On the broad spectrum of environmental consciousness, I would say that I land pretty much somewhere in the middle. While I aim to get more to the side of “Earth goddess” some of my bad habits keep more in the league of “planet-plain-Jane.” Some habits like recycling, buying in bulk, and using all extra cardboard as kindling in my fireplace come easy. The one habit that really puts me in the environment “doghouse” is my addiction to paper towels. Mind you not just ANY paper towels but “Bounty” paper towels. They are just sturdy, clean, absorbent well…. OK, you get the idea I am slightly obsessed.
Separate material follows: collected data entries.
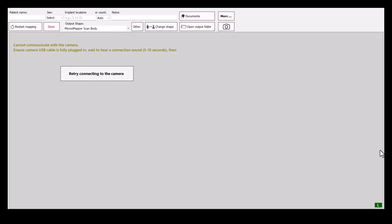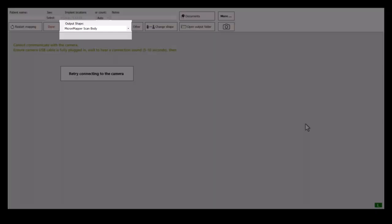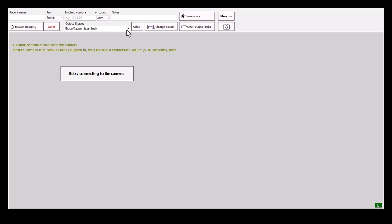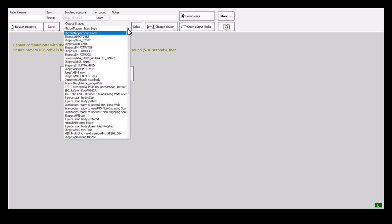To begin, we need to pre-select the desired shape of the output, which can be done from the drop-down menu.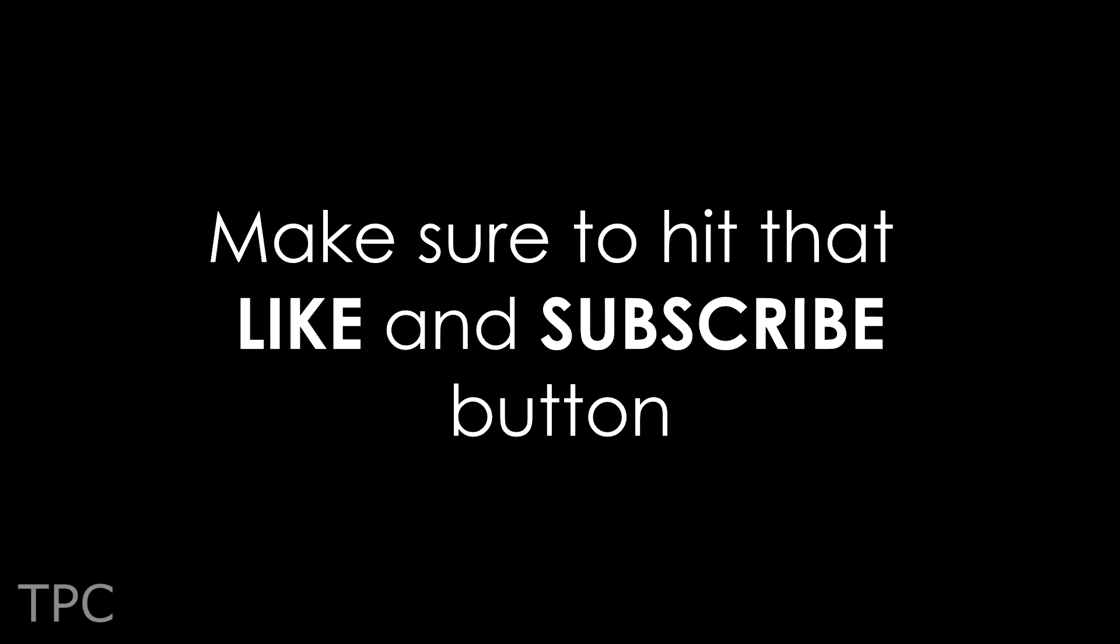Comment down below the one you like the most. Drop a like and subscribe to our channel to keep supporting us. Goodbye!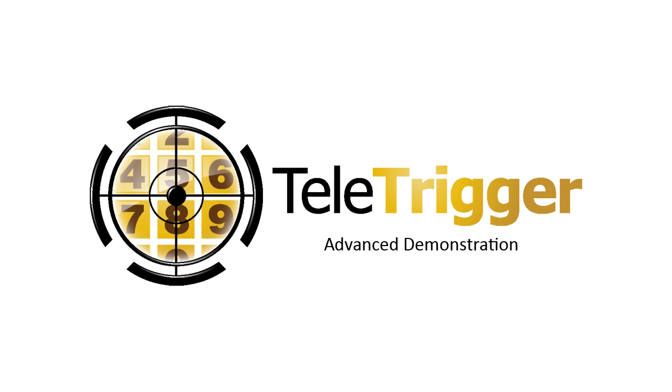Welcome to our advanced demonstration of Teletrigger. In this demonstration we'll be taking Teletrigger through its paces and showing you just how fast dialing a phone number can be.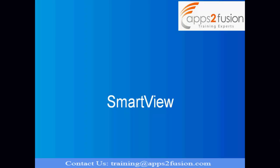SmartView is an Excel-based utility, so you need to install software or add-in in your local desktop. And you can analyze your GL balances in Excel sheet. That Excel sheet will be connected to Essbase cube directly and whatever data you are fetching, it will be real-time.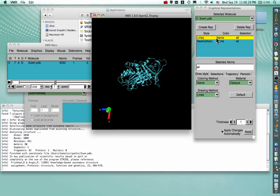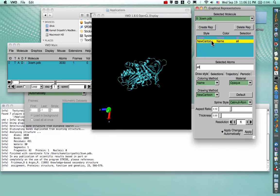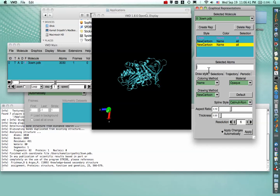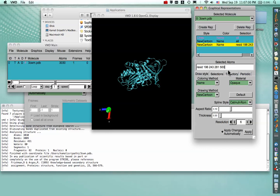And to create a representation of our three favorite residues, we again go to Create Representation. And instead of All, we'll type in the residue numbers by first using the keyword RESID. Then we want residue number 2, 196, 243, 281, and 500 for the citrate molecule. Press Enter to lock that in.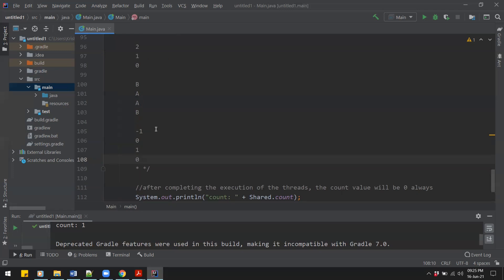The solution is to synchronize the threads so that only one thread is allowed to execute at one time. There are a number of ways to synchronize, and one of them is semaphores. Semaphores allow only one thread to access a resource at one time and will not allow any other thread to enter while a thread is accessing the resource.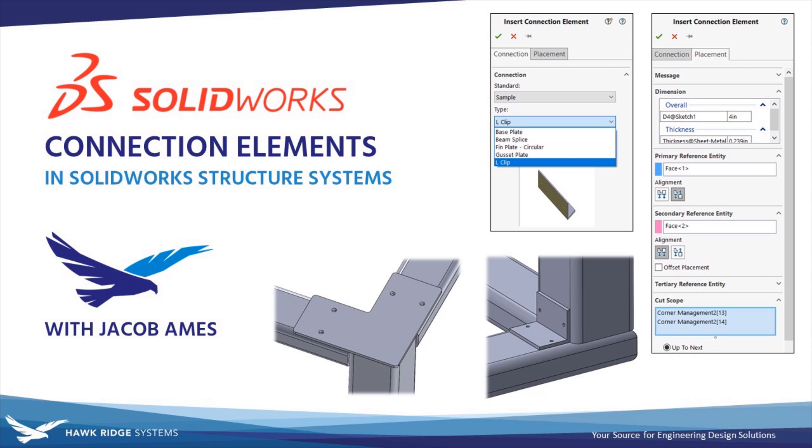Hello everyone and welcome to another SolidWorks Tech Tip from Hawkridge Systems. This is Jacob Ames, Senior Applications Engineer.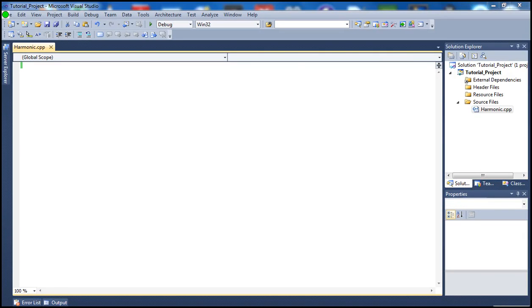Hello there guys and welcome to our 43rd C++ tutorial. Today's tutorial we're going to go ahead and calculate the harmonic sequence. The harmonic sequence is basically the sum of all the terms starting from n equals 1 until n, and that's 1 over n. So that's basically the harmonic sequence and we're going to go ahead and write some code to do just that.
During this quarantine, I had snagged a few rolls before things got bad, and as things progressed and the rolls got thinner and thinner I realized that I had to find an alternative.
Enter this great post from Paper and stitch https://www.papernstitchblog.com/eco-friendly-projects/) I had already done her Utensil wrap from the same post so I was excited to try making my own set. Brittni’s version was a little bigger than mine, but as I mostly used old washcloths I was limited to their size, which ended up being 10.5 x 9.5 inches once the edges were cut off. Her steps are simple and easy to follow, and she even offers a “no-sew” version using hemming tape.
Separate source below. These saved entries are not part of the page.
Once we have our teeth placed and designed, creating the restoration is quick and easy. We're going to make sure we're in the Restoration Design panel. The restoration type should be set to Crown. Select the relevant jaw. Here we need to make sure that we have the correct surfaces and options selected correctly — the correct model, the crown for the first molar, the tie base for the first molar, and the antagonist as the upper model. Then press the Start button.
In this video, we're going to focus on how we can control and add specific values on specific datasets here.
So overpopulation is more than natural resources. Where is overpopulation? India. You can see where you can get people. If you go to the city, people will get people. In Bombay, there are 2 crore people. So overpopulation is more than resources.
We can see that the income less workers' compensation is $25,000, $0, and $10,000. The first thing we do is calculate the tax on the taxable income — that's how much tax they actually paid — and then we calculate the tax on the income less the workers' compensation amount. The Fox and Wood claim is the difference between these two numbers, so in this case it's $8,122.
I think that another option for those who don’t own a machine is sewing by hand. Yes, it is time-consuming but hey, we all have tons of that lately. It would also be a good project to do while screening your latest favorite Netflix binge.
It pretty much comes to:
Cutting your fabric (if you don’t have extra fabric some worn pillowcases would work) and terry towel to the same size, lining them up right sides together.
Pin all around and leave an approximate 2-inch opening to turn inside out. I always use double pins to remind myself not to sew all the way through
Stitch around with a ¼ to ½ inch seam allowance.
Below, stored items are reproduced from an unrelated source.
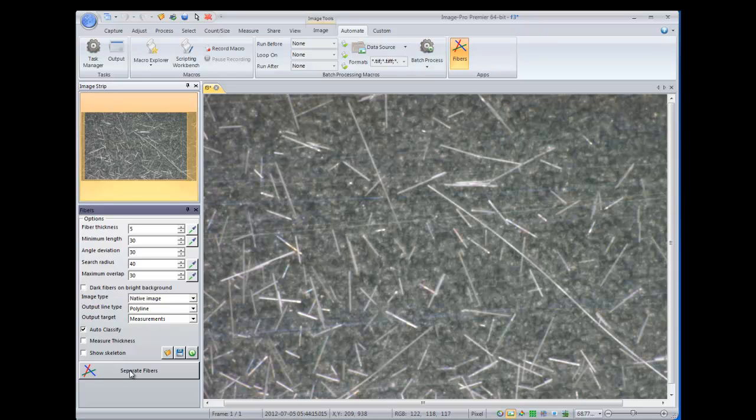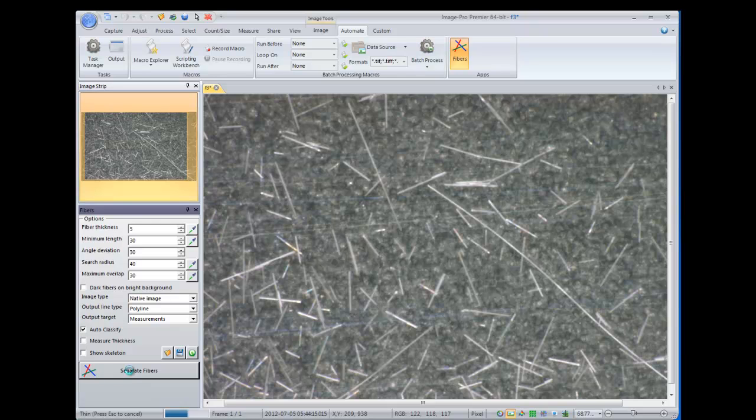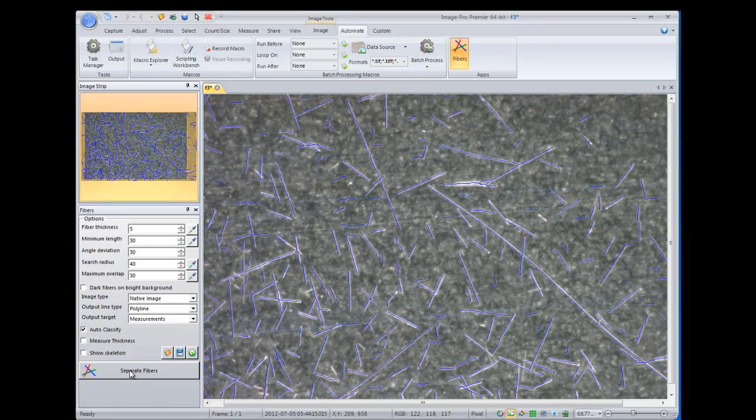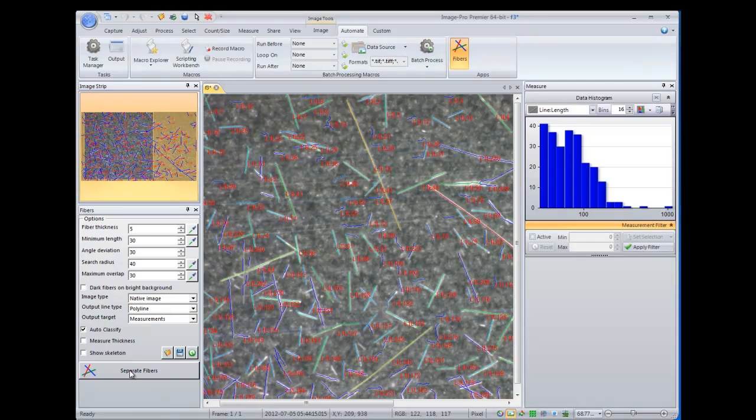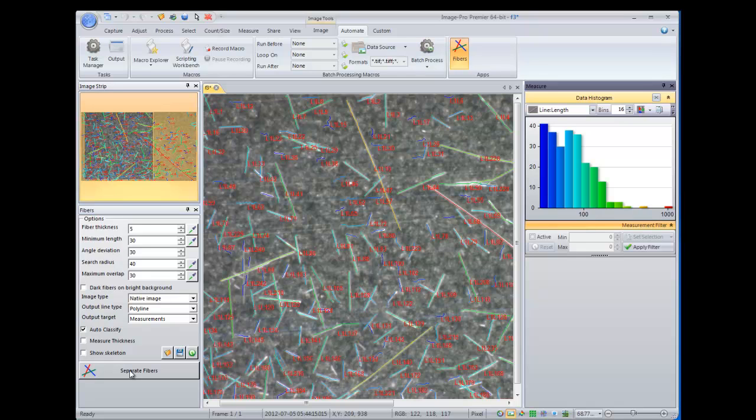So we'll go ahead and click the Separate Fibers button, and that'll walk through the analysis steps. And once it's done, you can see that it has segmented all of those overlapping fibers.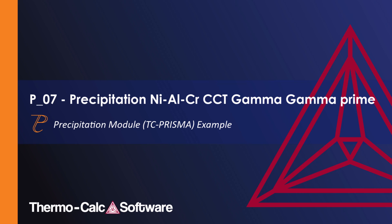This video will show you how to simulate a CCT diagram for gamma prime precipitation in a nickel chromium aluminum alloy using the precipitation module known as TC Prisma.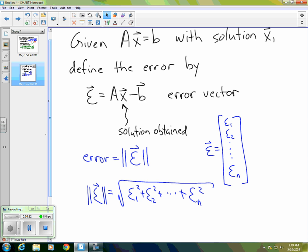Again, if we want a single number, the error is what we'd like to look at, but sometimes we might want to look at the error vector to see if there are particular components in which we have more error than others. So that's the story on error for a solution to a system of equations.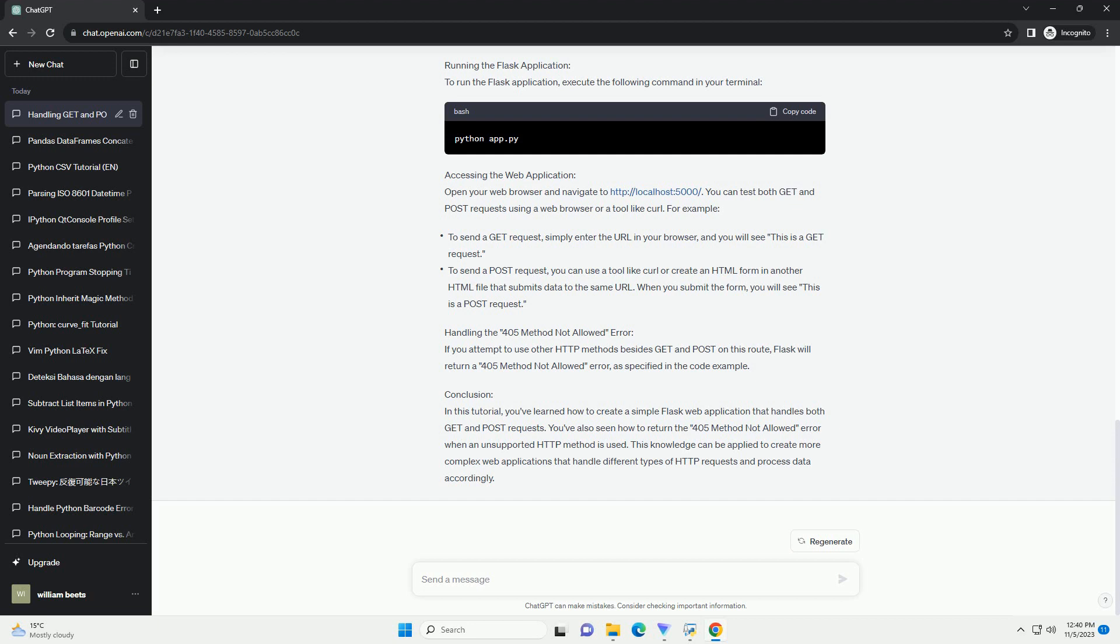Chat GPT. Title: Handling Get and Post Requests with Flask in Python. Introduction: In web development, handling HTTP requests is a fundamental task.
Turn inside out and Iron while turning in your opening.
Stitch all around to hold in place.
I would suggest doing it “factory style” by doing one step all the way through – so do all your cutting in one go and then all your pinning as opposed to starting and finishing each one. For this to really be effective in your kitchen you need to have a good amount on hand so that you always have some while the others are being washed. So you really want at least 10 or 12 to start. Brittni also mentioned in her post that you could have different sets for different jobs. I decided to use all pink patterns for my kitchen and will make another set in possibly blues and greens for the bathroom.
I have to say that they are really absorbent and quite nice looking in the kitchen. While I may still use paper towels for yechy jobs, these little guys are definitely helping me inch my way further towards the good side of the eco-friendly spectrum. Even if not quite “earth goddess” possibly in the realm of “Doing-my-best-Betsy.”